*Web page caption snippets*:

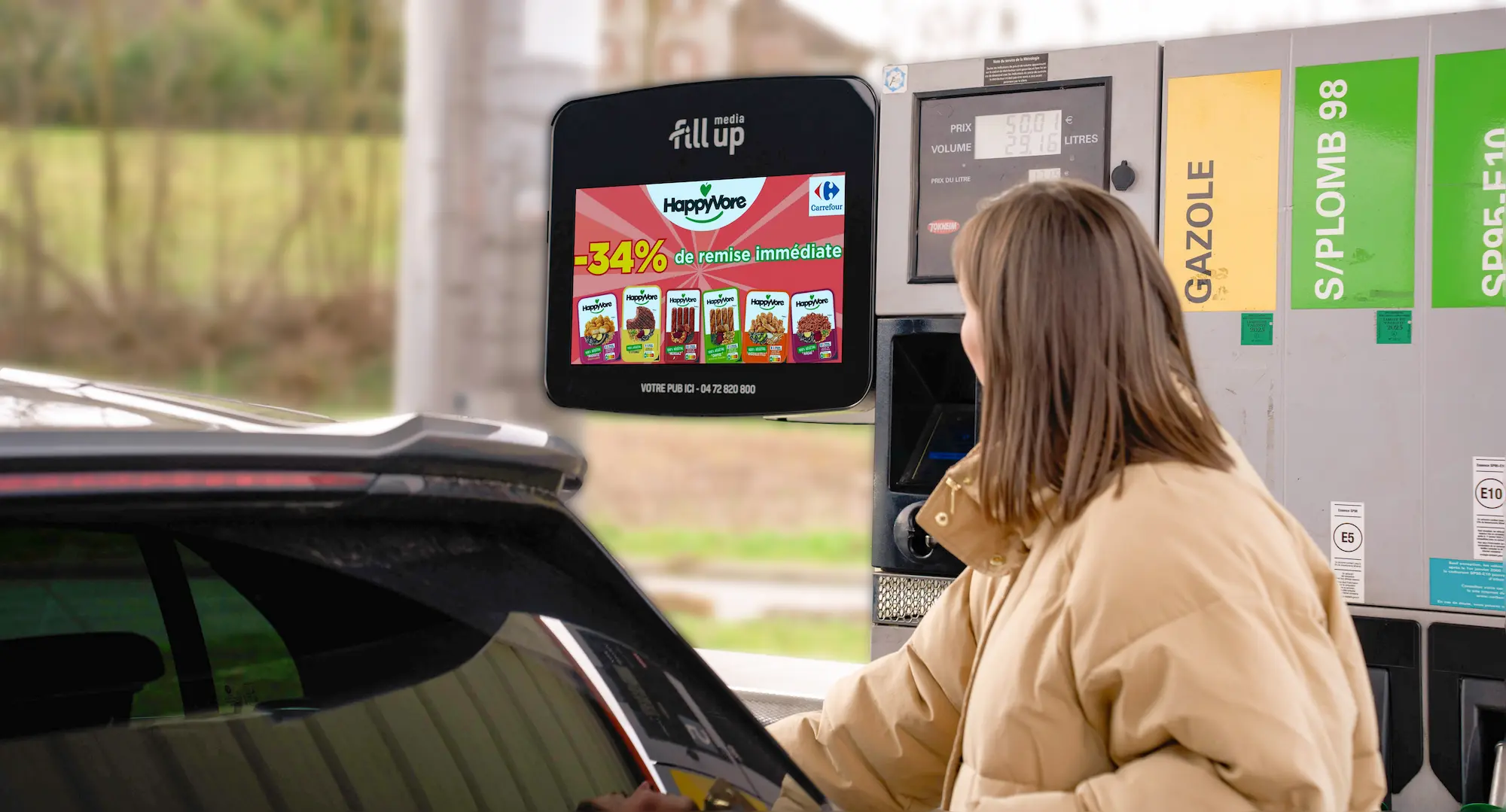 fum-photo-station-dooh-etude-mesure-ca-happyvore Une publicité dans un écran en station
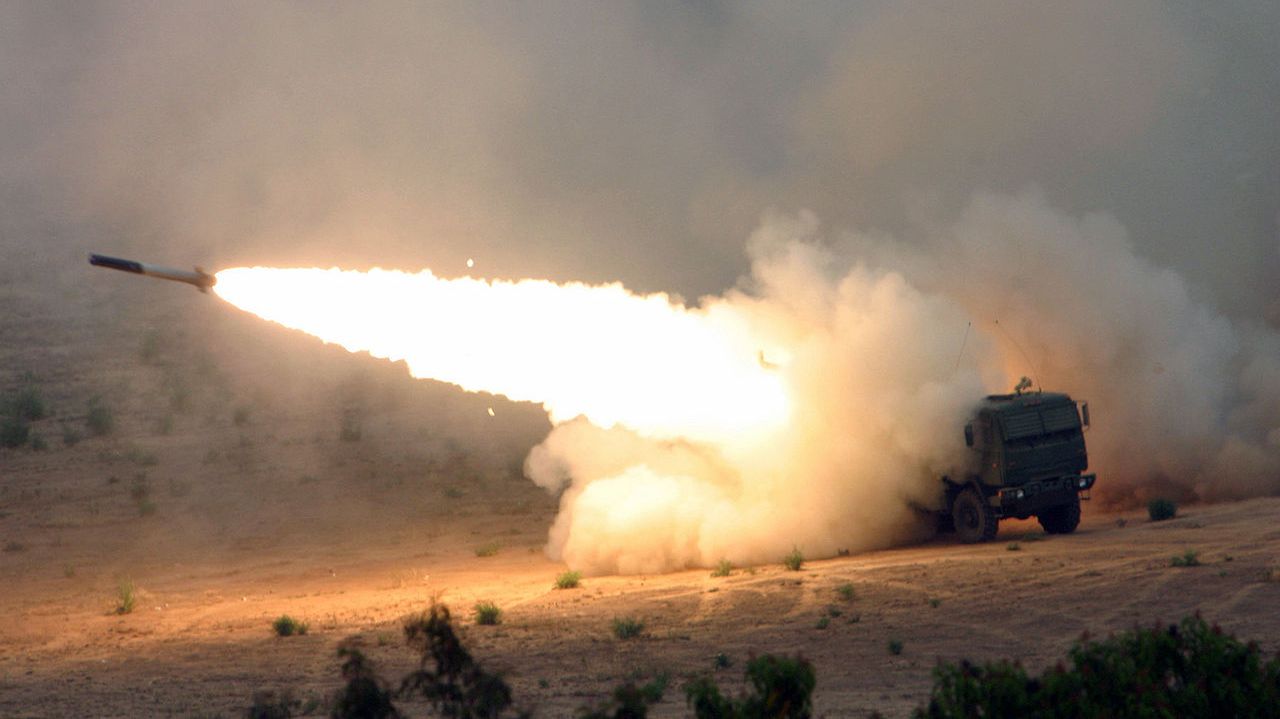 M142 High Mobility Artillery Rocket System (HIMARS) to amerykańska lekka wieloprowadnicowa wyrzutnia rakietowa. Fot. www.wikipedia.org / LCPL Seth Maggard, USMC (CC0 domena publiczna)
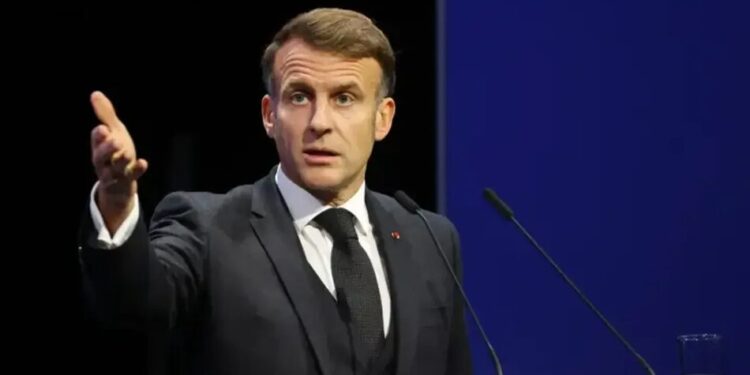 Макрон заявив про загибель французького миротворця в Лівані через атаку Хезболли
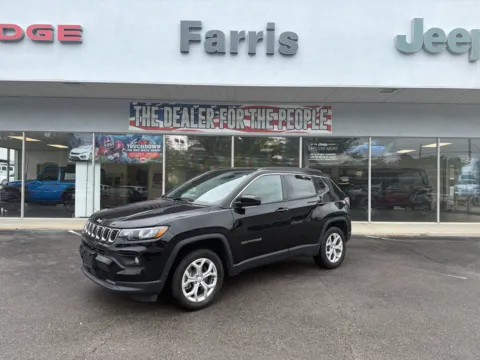 Black 2024 Jeep Compass Latitude for sale in Morristown, TN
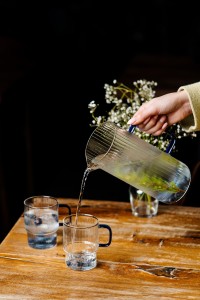 Dwie szklanki ryflowane z niebieskim uchem 350ml Livio 1791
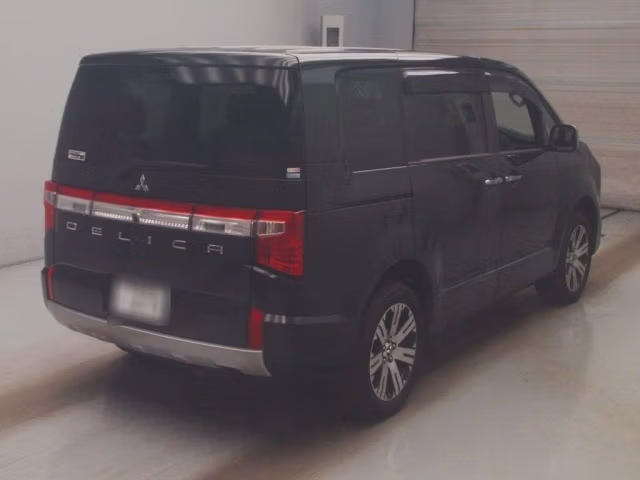 MITSUBISHI DELICA D:5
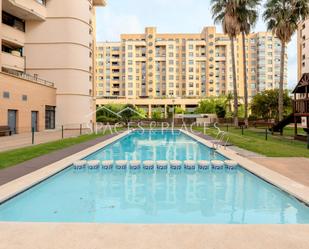 Swimming pool of Flat for sale in  Valencia Capital  with Air Conditioner, Terrace and Balcony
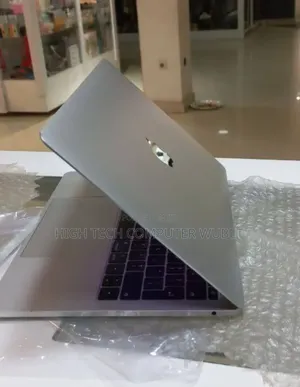 New Laptop Apple MacBook Pro 2017 8GB Intel Core i5 SSD 256GB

*TASK TO COMPLETE*: Leave out the images and copy every record above exactly.

*ANSWER BOX*:
 fum-photo-station-dooh-etude-mesure-ca-happyvore Une publicité dans un écran en station
 M142 High Mobility Artillery Rocket System (HIMARS) to amerykańska lekka wieloprowadnicowa wyrzutnia rakietowa. Fot. www.wikipedia.org / LCPL Seth Maggard, USMC (CC0 domena publiczna)
 Макрон заявив про загибель французького миротворця в Лівані через атаку Хезболли
 Black 2024 Jeep Compass Latitude for sale in Morristown, TN
 Dwie szklanki ryflowane z niebieskim uchem 350ml Livio 1791
 MITSUBISHI DELICA D:5
 Swimming pool of Flat for sale in  Valencia Capital  with Air Conditioner, Terrace and Balcony
 New Laptop Apple MacBook Pro 2017 8GB Intel Core i5 SSD 256GB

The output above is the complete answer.